Your reply should consist only of the lines from the one with "Colorful Dragon with" through the end of the entries, transcribed exactly. Pictures stay out.

[PROVIDED MATERIAL Boundary: Start]

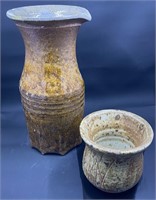 Signed Stoneware Ewer and Cup Pair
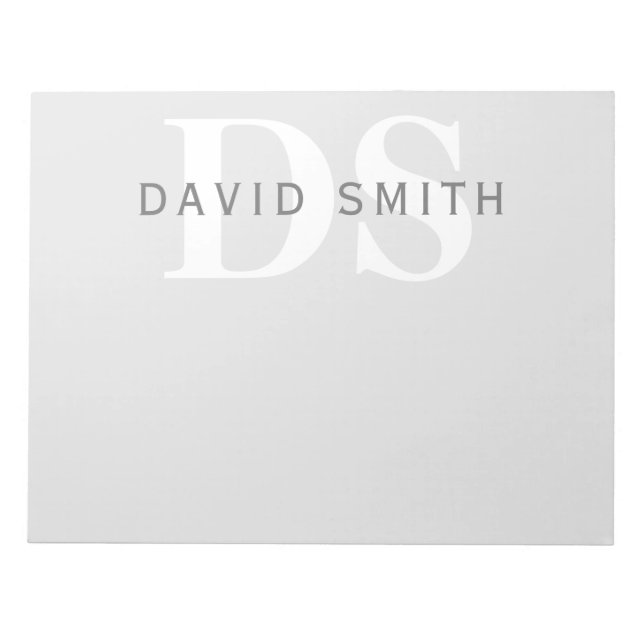Modern Name & Monogram | Light & Dark Grey White Notepad (Front)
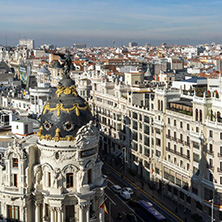 MADRID, SPAIN - JANUARY 24, 2018:  Amazing Panoramic view of city of Madrid from Circulo de Bellas Artes, Spain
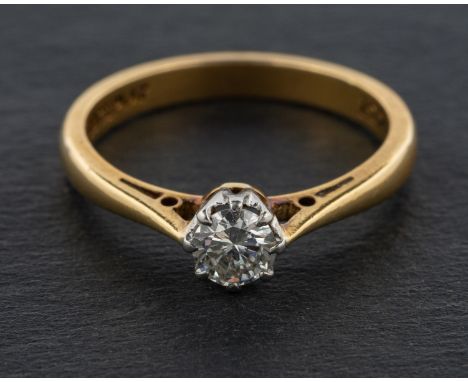 A round, brilliant-cut diamond, single-stone ring, estimated diamond weight ca. 0.30ct, G-H colour, VS2-SI1 clarity, stamped 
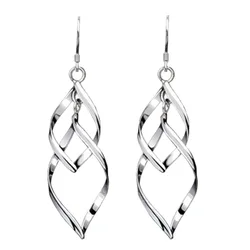 Hot Sale Elegant Clear Silver Plated Twist Drop Long Earring Earrings Fashion Jewelry Wedding Brincos Grandes Fashion Mulheres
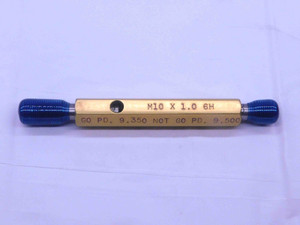 M10 X 1 6H LEFT HAND THREAD PLUG GAGE 10 1.0 GO NO GO P.D.'S = 9.350 & 9.500 - DW37018CL5
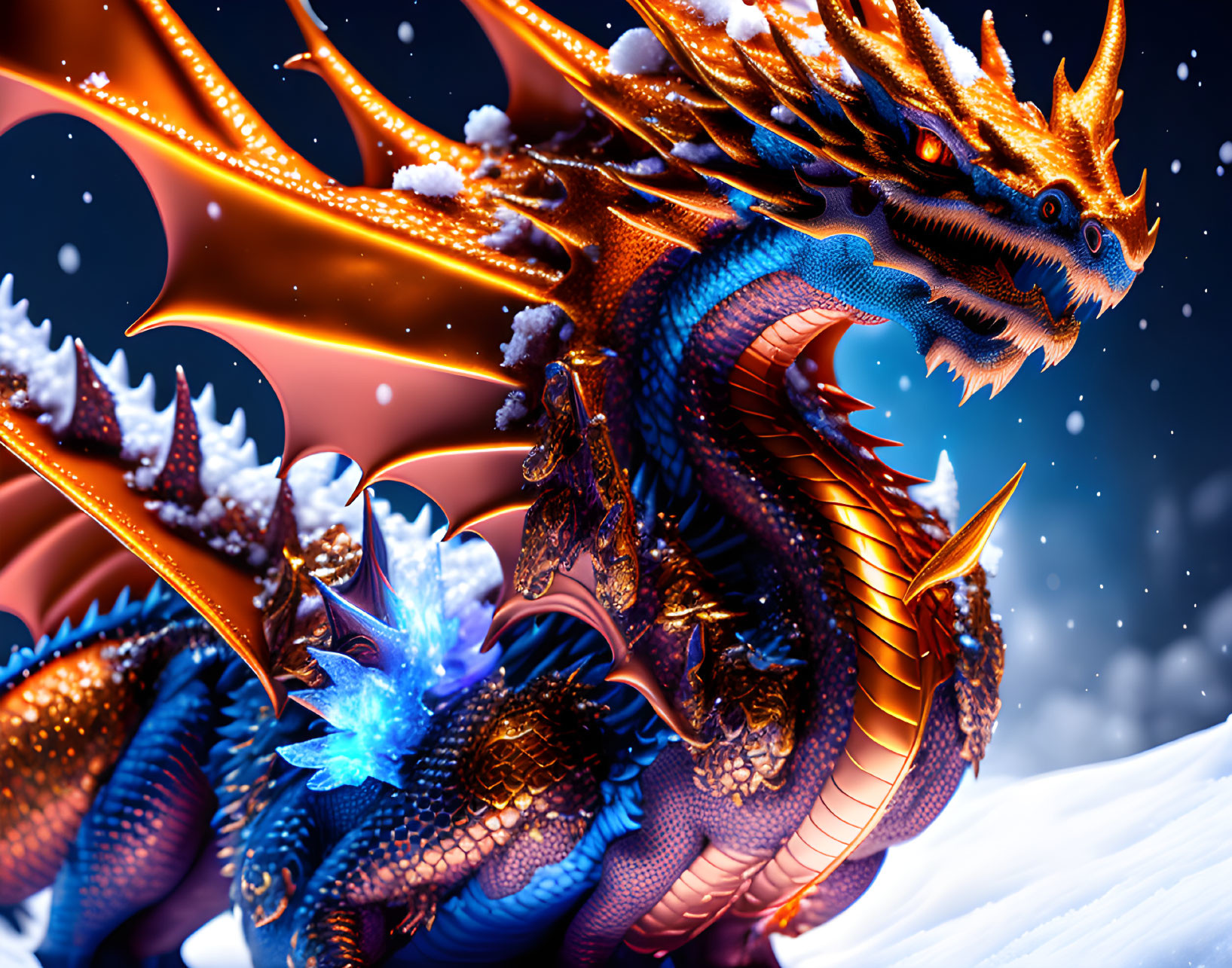 Colorful Dragon with Orange Wings and Blue Scales in Snowy Night Scene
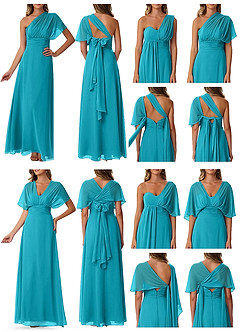Azazie Fifi Bridesmaid Dresses A-Line Convertible Chiffon Floor-Length Dress image10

[PROVIDED MATERIAL Boundary: End]

▶ [SOLUTION TO THIS PROBLEM]:
 Colorful Dragon with Orange Wings and Blue Scales in Snowy Night Scene
Azazie Fifi Bridesmaid Dresses A-Line Convertible Chiffon Floor-Length Dress image10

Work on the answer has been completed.